In terms of the Logical Processing Order for the two innermost sub-queries, is it accurate to say that inc_unit as u and inc_unit as notif are joined, then each of their WHERE clauses are applied, and then each of their SELECT clauses are applied?

That would explain why eliminating rows w/ NULLs in either of the WHERE clauses (as in my original query, albeit only as a side-effect) prevents NULL values from being included in the min() function of the innermost one. I think I was assuming that select min() of the innermost sub-query would be evaluated before it was joined with it's containing sub-query, i.e. this whole sub-query

SELECT min(notif_dttm)
FROM inc_unit AS notif
WHERE notif.inci_no = u.inci_no
GROUP BY notif.inci_no

would be evaluated, and the WHERE part would effectively be deferred until the results could be joined with the containing query. And that's why I couldn't reproduce the error with simplified sample data – I had NULLs in my data, just not the right rows with the right NULLs. 🙂

Best Answer

From what I can see you understand the problem perfectly. It sounds like min(notif_dttm) is causing you the grief. You can check this pretty easily by running code like this:

SELECT *
FROM inc_unit AS notif
WHERE notif_dttm IS NULL
  AND EXISTS (SELECT 1 FROM inc_unit u
                WHERE notif.inci_no = u.inci_no
                  AND resp_code = 'E'
                  AND arv_dttm IS NOT NULL)

If you get any rows then that's probably your problem.

Here is some easy sample code that will reproduce the warning you are getting.

CREATE TABLE #test (nullableCol1 int)
INSERT INTO #test VALUES (NULL),(1),(2)
SELECT MIN(nullableCol1) FROM #test

As far as your problem goes there is a property in SSIS that tells it how many errors are acceptable. It's called MaximumErrorCount. Increase that for that object and each of it's containers.

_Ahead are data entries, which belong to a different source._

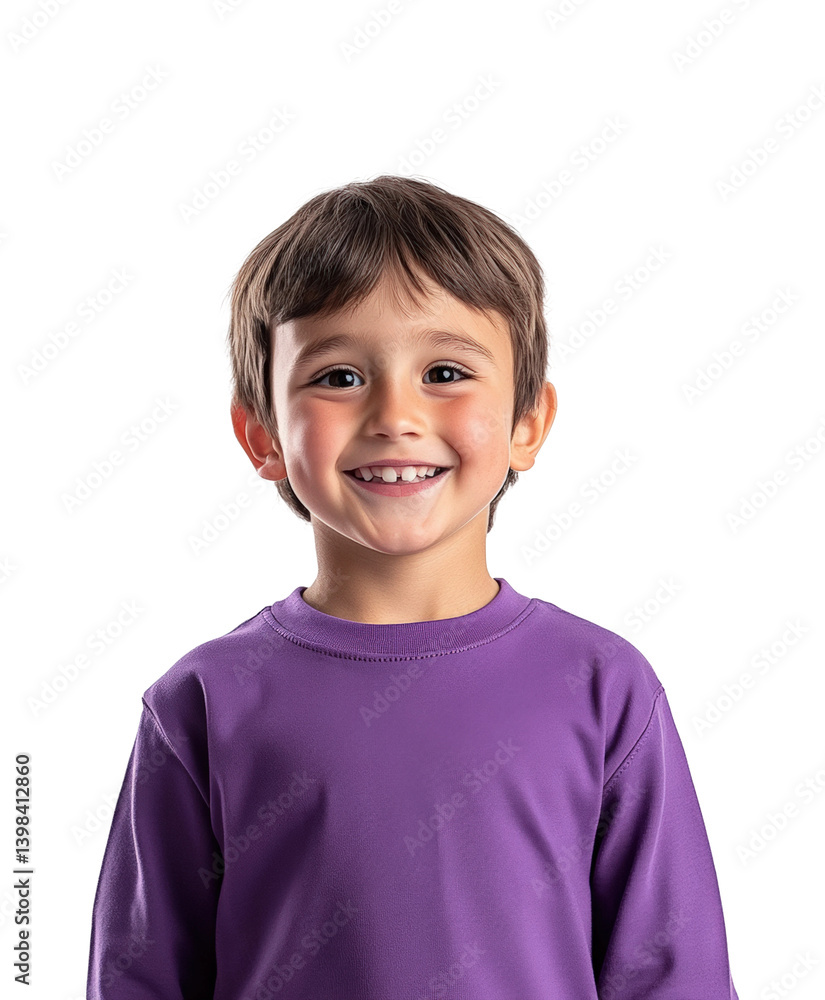 Smiling boy portrait bright happiness. Isolated on transparent background, png.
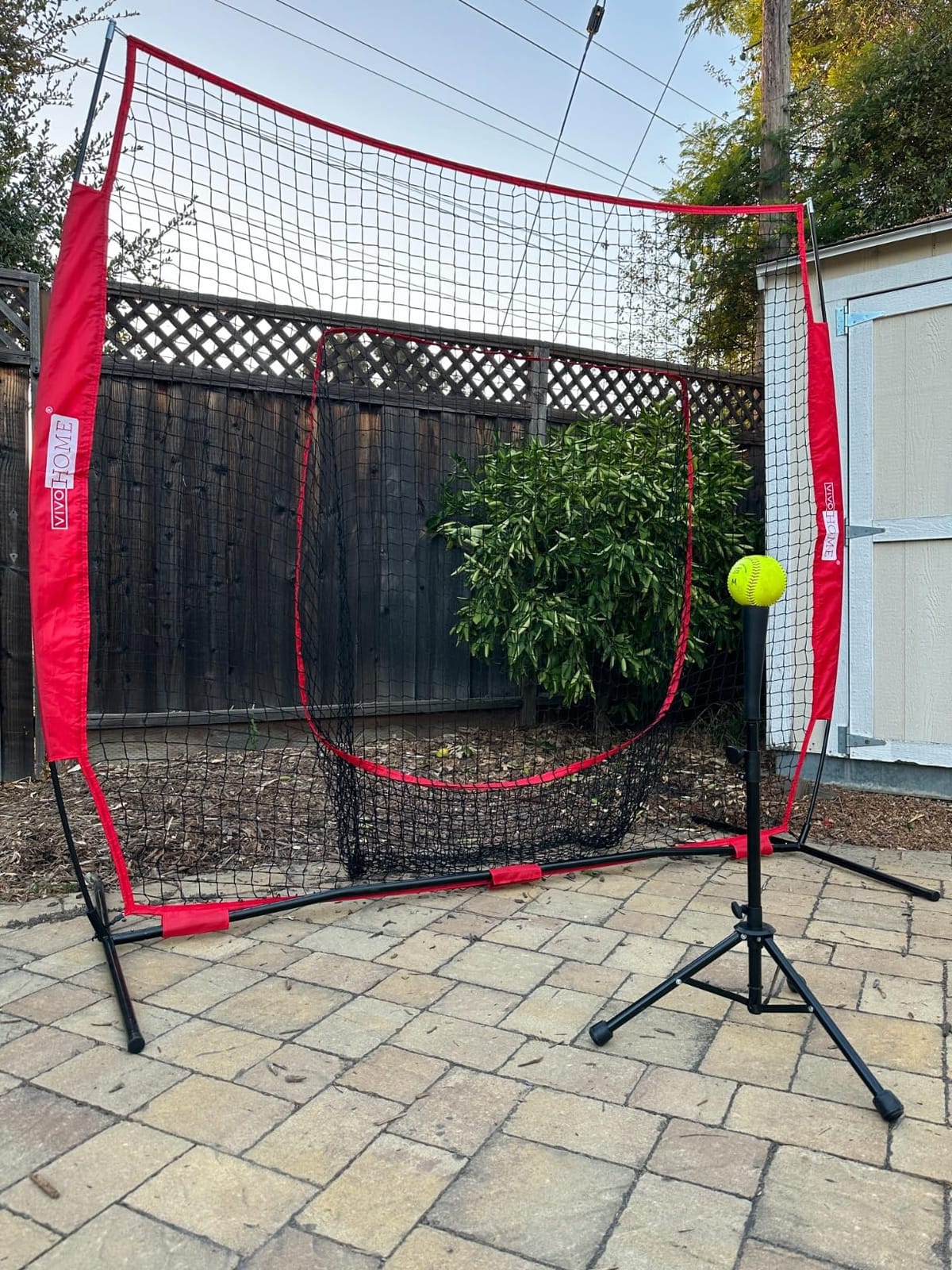 VIVOHOME Baseball & Softball Training Net with Batting Tee, 7 x 7 ft. customer photo 1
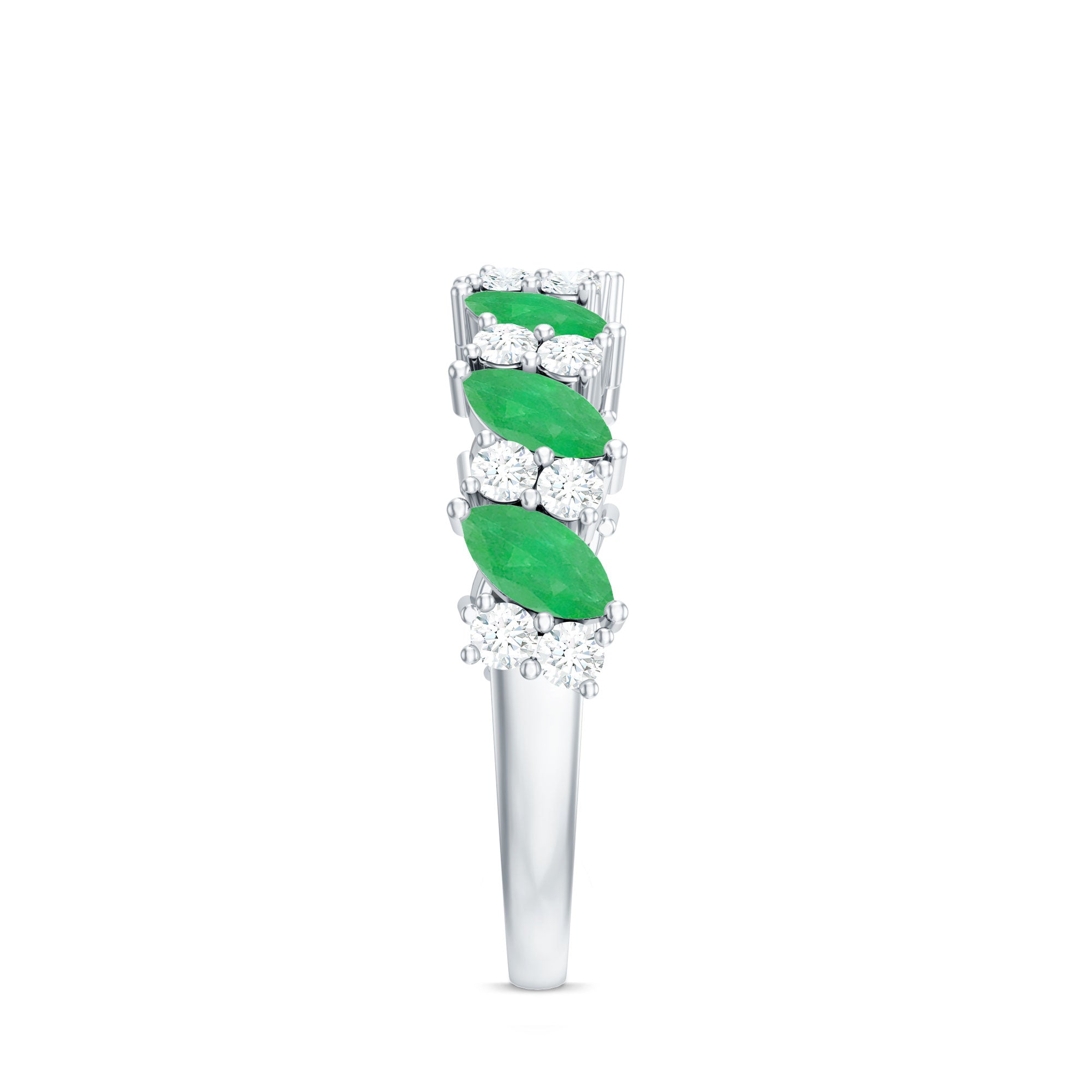 Natural Emerald Diamond Half Eternity Band Ring for Anniversary AAA - Rosec Jewels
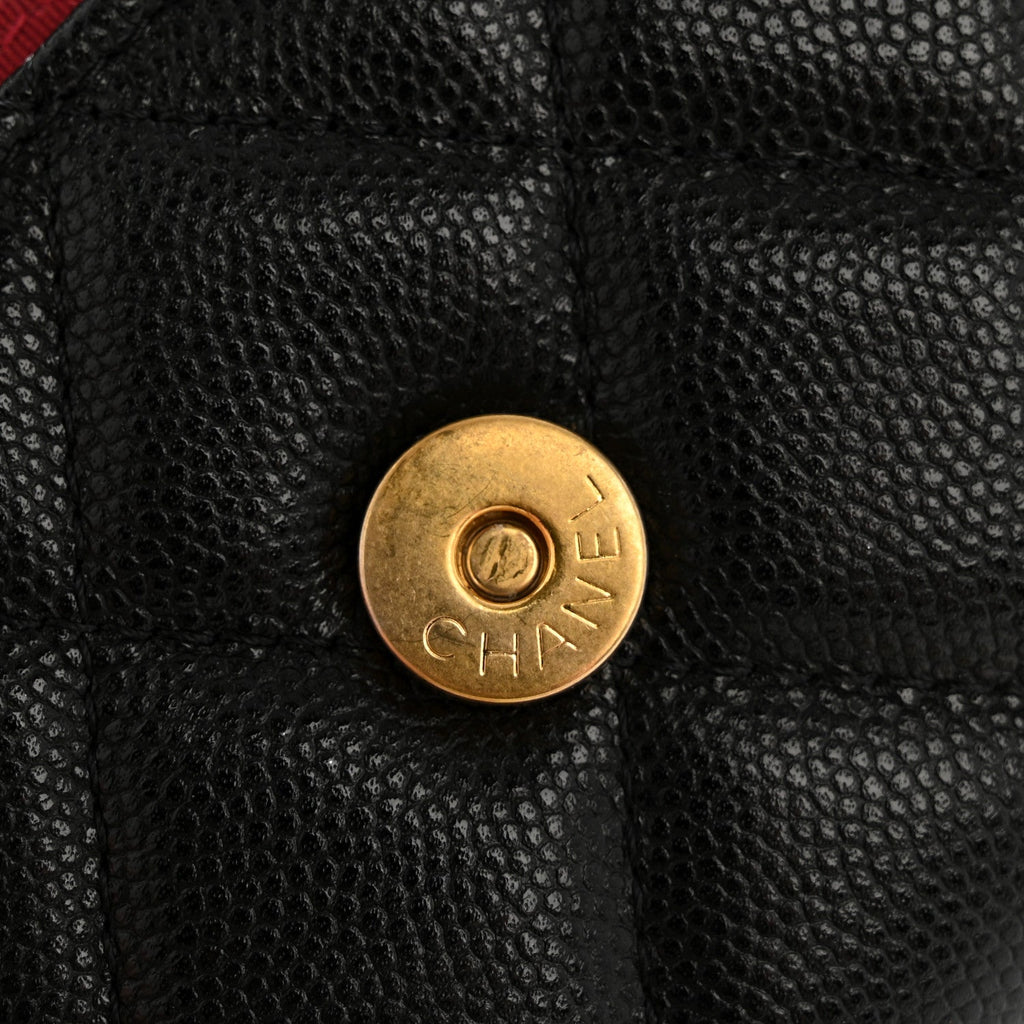 Chanel Caviar Quilted Bracelet On Chain Clutch Black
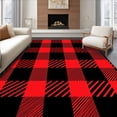 thumbnail image 1 of ODIKA 5'x7' Machine Washable Non-Slip Area Rug, Festive Buffalo Check with Bold Contrasts and Classic Charm High Traffic Rug with Pad, Red, 610587, 1 of 8
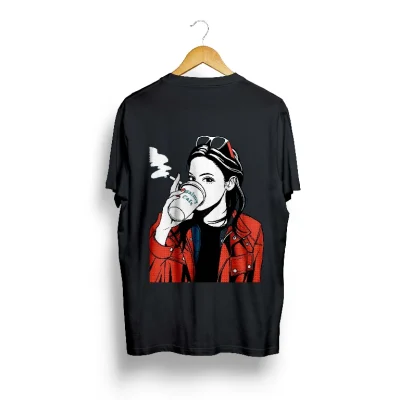 Women Printed Round Neck Pure Cotton Black T-Shirt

That way you can have the warning (which isn't really a big deal) and still have your code move on correctly.

Edit Additional order by information you wanted can be found here.

But basically SQL processes a query in this order:

  1. FROM
  2. ON
  3. OUTER
  4. WHERE
  5. GROUP BY
  6. CUBE | ROLLUP
  7. HAVING
  8. SELECT
  9. DISTINCT
  10. ORDER BY
  11. TOP

So if I take your subquery and place it in the order it's processed it would look like this

        FROM inc_unit AS notif                  -- Find the table
        WHERE notif.inci_no = u.inci_no         -- Restrict the rows used
            --AND notif.arv_dttm IS NOT NULL    -- 
        GROUP BY notif.inci_no                  -- Group up what's left
        SELECT min(notif_dttm)                  -- Process any aggregates

You can see it's a pretty logical progression. We can't GROUP BY until we remove the appropriate rows using the WHERE clause. And then we can't check the MIN until we have finished grouping everything together.